Le meurtre de masse n'a rien à craindre

Deux terribles incidents de violence se sont produits la semaine dernière. Michael McLendon a perpétré une tuerie en Alabama qui a coûté la vie à 10 personnes avant qu'il ne se suicide. A un demi-millier d'années en Allemagne, à peu près au même moment, Tim Kretschmer a attaqué une école et a tué 15 personnes avant de se suicider. Au total, 27 personnes sont mortes dans ces deux incidents de massacres.

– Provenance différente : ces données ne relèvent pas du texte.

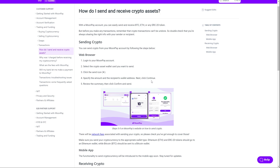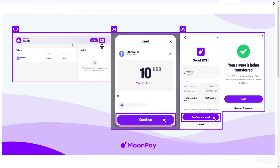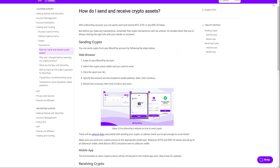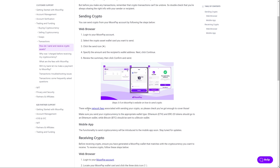Next, click Continue, review the summary, then click Confirm. So it will look like this: you click on the icon, enter how much you want to send, click Continue, Confirm, and Send — and then you're done. There will be network fees associated with sending your crypto, so please make sure you've got enough to cover those.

Les médias américains ont passé énormément de temps à couvrir les deux incidents. Nous n'avons pas regardé les médias allemands, mais ils ont probablement porté beaucoup d'attention sur les deux incidents. Il est probablement raisonnable de supposer que les observateurs de nouvelles dans les deux pays ont reçu une bonne dose de meurtre de masse au cours des derniers jours.

Il sera intéressant de voir ce qui résulte de ces deux incidents. Dans la mesure où le passé est un prologue, nous devrions nous attendre à voir beaucoup de craintes et de réactions extrêmes de la part des fonctionnaires et des politiciens. Les deux peuvent être tracés, au moins dans une certaine mesure, vers un raccourci cognitif appelé l'heuristique de disponibilité.

Nous utilisons l'heuristique de disponibilité pour estimer la fréquence d'événements spécifiques. Par exemple, à quelle fréquence les gens sont tués par des assassins de masse? Comme les événements de fréquence plus élevée sont plus susceptibles de se produire à un moment donné, nous utilisons également l'heuristique de disponibilité pour estimer la probabilité que les événements se produisent. Par exemple, quelle est la probabilité que je sois tué par un meurtrier de masse demain?

Nous sommes particulièrement tributaires de l'heuristique de disponibilité lorsque nous ne disposons pas de données probantes solides sur lesquelles baser nos estimations. Par exemple, quelle est la probabilité que l'avion suivant que vous pilotez tombe en panne? La probabilité réelle de crash d'un avion particulier dépend d'un grand nombre de facteurs dont la plupart ne sont pas connus et / ou ne disposent pas de données fiables. Quel type d'avion est-ce? Quelle heure de la journée est le vol? Quel temps fait-il? Quel est l'historique de sécurité de cet avion particulier? À quand remonte la dernière fois que l'avion a été examiné pour des problèmes? Qui a fait l'examen et à quel point était-ce? Qui vole l'avion? Combien de sommeil ont-ils eu la nuit dernière? Quel âge ont-ils? Est-ce qu'ils prennent des médicaments? Vous avez eu l'idée.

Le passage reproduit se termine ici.